The currency of currency
I was reading last week's Sunday NY Times and read two articles that related to my school work.
I really liked that because so often I feel like I'm spending my time on a lot of scholarly "exercises," so it's somewhat validating to see those same issues in my favorite newspaper.
The articles were both in the Week in Review section. One talked about "The Gamer as Artiste" and it dicussed many of the same game issues that we dealt in class.
The second was about Wikipedia, which I really enjoy using, though I know it shouldn't be a primary source.
While I'm not going to go into the details of the articles, I do want to comment on the prevailing theme in almost everything I read these days regarding how we define cultural mainstays like artist, writer, novel, game. None of these have a solid definition anymore. The ideological space that each of them takes up continual expands and overlaps with other definitions.

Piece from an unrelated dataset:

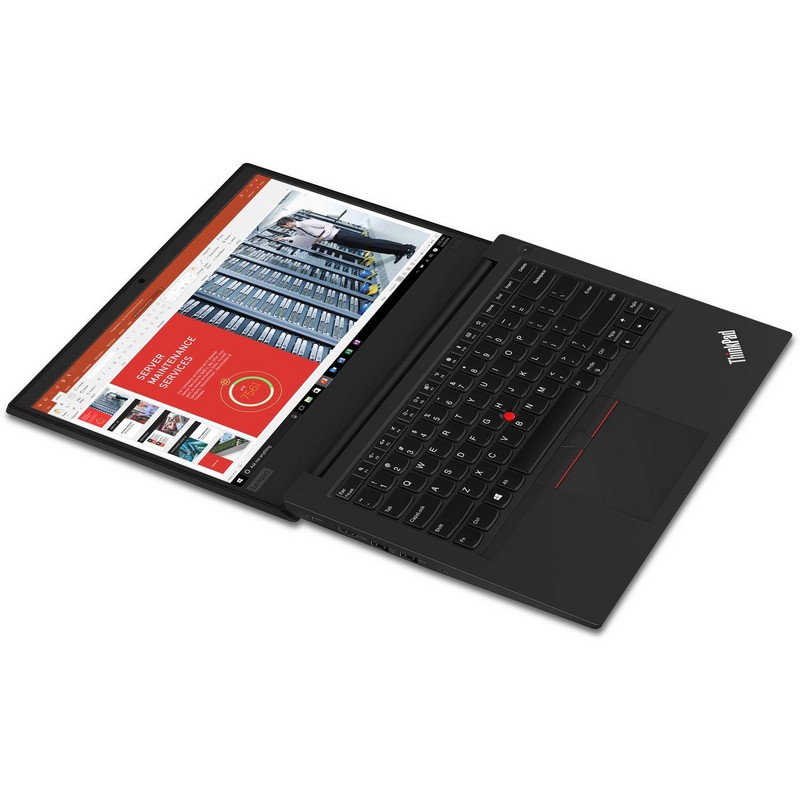 Ноутбук Lenovo ThinkPad E495 3700U/16Gb/1Tb/SSD256Gb/14"/IPS/FHD (1920x1080)/Windows 10 Professional 64/black/WiFi/BT/Cam 20NE000CRT 20NE000CRT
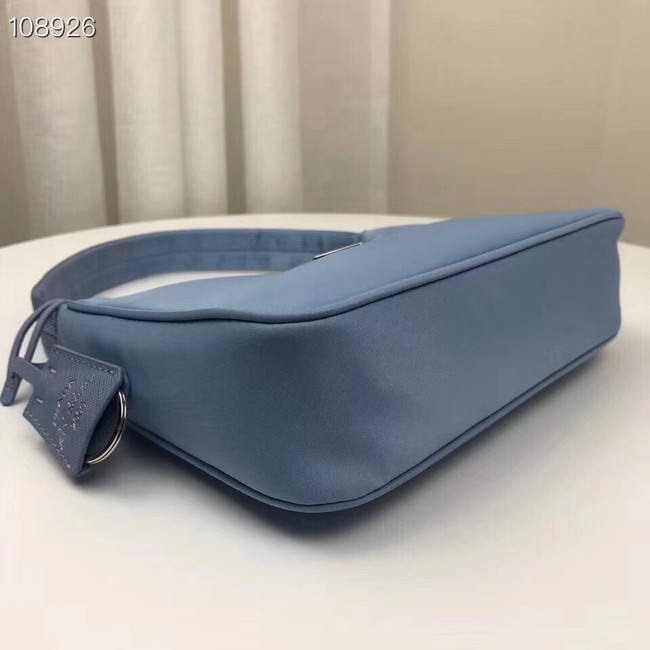 Prada Nylon tote bag 1NE515 light blue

The knowableness of individual aspects of life is becoming vague. Each cultural entity is spilling over into the next. We can't tell you exactly or succinctly what a game or a narrative is anymore, or a writer, or novel. I think that it frustrates the more orderly of minds, especially in academia.
This situation feels inevitable. and the same loss of conciseness is evident in people as well. You can see it a lot on the Web. I am this, and this, and that, oh and this too, but only sometimes, but I can also do this, but only if I have that, and occasionally I can do this but only if I know that these will be here, and when those are gone, then I can move like these, see? That is me.